## What is needed:
From first line to last, output the records below exactly.

Crawled caption data:

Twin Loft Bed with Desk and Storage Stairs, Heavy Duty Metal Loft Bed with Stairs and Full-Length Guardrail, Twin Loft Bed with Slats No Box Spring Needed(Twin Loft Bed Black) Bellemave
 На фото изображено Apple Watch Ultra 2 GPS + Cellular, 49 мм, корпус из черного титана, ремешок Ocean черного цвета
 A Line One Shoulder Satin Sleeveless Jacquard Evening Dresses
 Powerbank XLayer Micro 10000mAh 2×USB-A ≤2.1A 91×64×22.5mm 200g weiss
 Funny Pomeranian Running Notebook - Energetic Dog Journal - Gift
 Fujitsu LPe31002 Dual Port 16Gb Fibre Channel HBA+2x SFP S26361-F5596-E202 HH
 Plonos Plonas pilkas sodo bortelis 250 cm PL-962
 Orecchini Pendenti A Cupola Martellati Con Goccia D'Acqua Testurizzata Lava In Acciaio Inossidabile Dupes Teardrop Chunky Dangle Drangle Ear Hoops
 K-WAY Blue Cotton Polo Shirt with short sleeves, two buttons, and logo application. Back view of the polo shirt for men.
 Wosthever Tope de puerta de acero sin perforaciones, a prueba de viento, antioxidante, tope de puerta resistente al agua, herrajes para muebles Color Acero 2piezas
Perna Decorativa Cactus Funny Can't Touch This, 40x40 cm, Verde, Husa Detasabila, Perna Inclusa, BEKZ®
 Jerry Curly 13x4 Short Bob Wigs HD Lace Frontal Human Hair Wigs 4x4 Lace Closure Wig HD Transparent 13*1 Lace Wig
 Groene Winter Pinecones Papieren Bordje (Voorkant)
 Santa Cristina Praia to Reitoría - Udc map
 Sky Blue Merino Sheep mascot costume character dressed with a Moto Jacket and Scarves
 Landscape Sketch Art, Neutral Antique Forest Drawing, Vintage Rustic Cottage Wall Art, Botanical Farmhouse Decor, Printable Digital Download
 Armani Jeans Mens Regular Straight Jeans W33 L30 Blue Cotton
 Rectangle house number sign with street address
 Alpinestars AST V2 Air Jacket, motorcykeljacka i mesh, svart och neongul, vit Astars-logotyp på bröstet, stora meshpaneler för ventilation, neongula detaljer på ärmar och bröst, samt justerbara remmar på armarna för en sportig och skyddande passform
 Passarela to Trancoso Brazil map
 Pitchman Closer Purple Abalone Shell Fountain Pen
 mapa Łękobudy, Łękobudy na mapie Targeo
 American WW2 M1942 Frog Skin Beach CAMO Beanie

## Output for this exercise:
Twin Loft Bed with Desk and Storage Stairs, Heavy Duty Metal Loft Bed with Stairs and Full-Length Guardrail, Twin Loft Bed with Slats No Box Spring Needed(Twin Loft Bed Black) Bellemave
 На фото изображено Apple Watch Ultra 2 GPS + Cellular, 49 мм, корпус из черного титана, ремешок Ocean черного цвета
 A Line One Shoulder Satin Sleeveless Jacquard Evening Dresses
 Powerbank XLayer Micro 10000mAh 2×USB-A ≤2.1A 91×64×22.5mm 200g weiss
 Funny Pomeranian Running Notebook - Energetic Dog Journal - Gift
 Fujitsu LPe31002 Dual Port 16Gb Fibre Channel HBA+2x SFP S26361-F5596-E202 HH
 Plonos Plonas pilkas sodo bortelis 250 cm PL-962
 Orecchini Pendenti A Cupola Martellati Con Goccia D'Acqua Testurizzata Lava In Acciaio Inossidabile Dupes Teardrop Chunky Dangle Drangle Ear Hoops
 K-WAY Blue Cotton Polo Shirt with short sleeves, two buttons, and logo application. Back view of the polo shirt for men.
 Wosthever Tope de puerta de acero sin perforaciones, a prueba de viento, antioxidante, tope de puerta resistente al agua, herrajes para muebles Color Acero 2piezas
Perna Decorativa Cactus Funny Can't Touch This, 40x40 cm, Verde, Husa Detasabila, Perna Inclusa, BEKZ®
 Jerry Curly 13x4 Short Bob Wigs HD Lace Frontal Human Hair Wigs 4x4 Lace Closure Wig HD Transparent 13*1 Lace Wig
 Groene Winter Pinecones Papieren Bordje (Voorkant)
 Santa Cristina Praia to Reitoría - Udc map
 Sky Blue Merino Sheep mascot costume character dressed with a Moto Jacket and Scarves
 Landscape Sketch Art, Neutral Antique Forest Drawing, Vintage Rustic Cottage Wall Art, Botanical Farmhouse Decor, Printable Digital Download
 Armani Jeans Mens Regular Straight Jeans W33 L30 Blue Cotton
 Rectangle house number sign with street address
 Alpinestars AST V2 Air Jacket, motorcykeljacka i mesh, svart och neongul, vit Astars-logotyp på bröstet, stora meshpaneler för ventilation, neongula detaljer på ärmar och bröst, samt justerbara remmar på armarna för en sportig och skyddande passform
 Passarela to Trancoso Brazil map
 Pitchman Closer Purple Abalone Shell Fountain Pen
 mapa Łękobudy, Łękobudy na mapie Targeo
 American WW2 M1942 Frog Skin Beach CAMO Beanie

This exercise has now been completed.